First Indication of Solar $^8$B Neutrinos via Coherent Elastic Neutrino-Nucleus Scattering with XENONnT

TL;DR

This paper reports the first direct detection of solar $^8$B neutrinos through coherent elastic neutrino-nucleus scattering using the XENONnT dark matter detector, confirming Standard Model predictions with a 2.73 sigma significance.

Contribution

It provides the first measurement of solar neutrino-induced nuclear recoils with a dark matter experiment, demonstrating the detector's capability for neutrino physics.

Findings

Observed 37 events above 0.5 keV with background expectation of 26.4

Measured neutrino flux consistent with previous experiments

Cross section measurement aligns with Standard Model predictions

Abstract

We present the first measurement of nuclear recoils from solar $^8$B neutrinos via coherent elastic neutrino-nucleus scattering with the XENONnT dark matter experiment.

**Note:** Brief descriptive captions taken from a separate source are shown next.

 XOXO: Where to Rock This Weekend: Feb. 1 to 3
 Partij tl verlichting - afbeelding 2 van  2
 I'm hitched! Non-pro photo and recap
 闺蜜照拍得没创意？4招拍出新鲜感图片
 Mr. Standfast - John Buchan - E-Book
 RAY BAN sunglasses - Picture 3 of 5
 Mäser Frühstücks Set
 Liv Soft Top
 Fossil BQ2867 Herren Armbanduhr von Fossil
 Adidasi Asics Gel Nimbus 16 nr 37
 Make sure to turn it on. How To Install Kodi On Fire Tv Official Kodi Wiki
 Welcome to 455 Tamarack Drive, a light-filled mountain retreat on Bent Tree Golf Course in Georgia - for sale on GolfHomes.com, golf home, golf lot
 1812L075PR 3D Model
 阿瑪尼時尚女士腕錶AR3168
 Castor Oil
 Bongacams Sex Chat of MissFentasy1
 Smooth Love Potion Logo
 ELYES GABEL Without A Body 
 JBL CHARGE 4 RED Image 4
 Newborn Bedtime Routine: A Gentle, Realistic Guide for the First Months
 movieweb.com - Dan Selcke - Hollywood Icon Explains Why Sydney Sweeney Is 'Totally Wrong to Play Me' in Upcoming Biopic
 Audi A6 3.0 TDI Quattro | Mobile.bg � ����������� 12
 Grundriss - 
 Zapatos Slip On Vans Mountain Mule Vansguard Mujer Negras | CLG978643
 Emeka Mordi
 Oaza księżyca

The central detector of XENONnT is a low-background, two-phase time projection chamber with a 5.9 t sensitive liquid xenon target. A blind analysis with an exposure of 3.51 t$\times$yr resulted in 37 observed events above 0.5 keV, with ($26.4^{+1.4}_{-1.3}$) events expected from backgrounds. The background-only hypothesis is rejected with a statistical significance of 2.73 $\sigma$. The measured $^8$B solar neutrino flux of $(4.7_{-2.3}^{+3.6})\times 10^6 \mathrm{cm}^{-2}\mathrm{s}^{-1}$ is consistent with results from the Sudbury Neutrino Observatory. The measured neutrino flux-weighted CE$\nu$NS cross section on Xe of $(1.1^{+0.8}_{-0.5})\times10^{-39} \mathrm{cm}^2$ is consistent with the Standard Model prediction. This is the first direct measurement of nuclear recoils from solar neutrinos with a dark matter detector.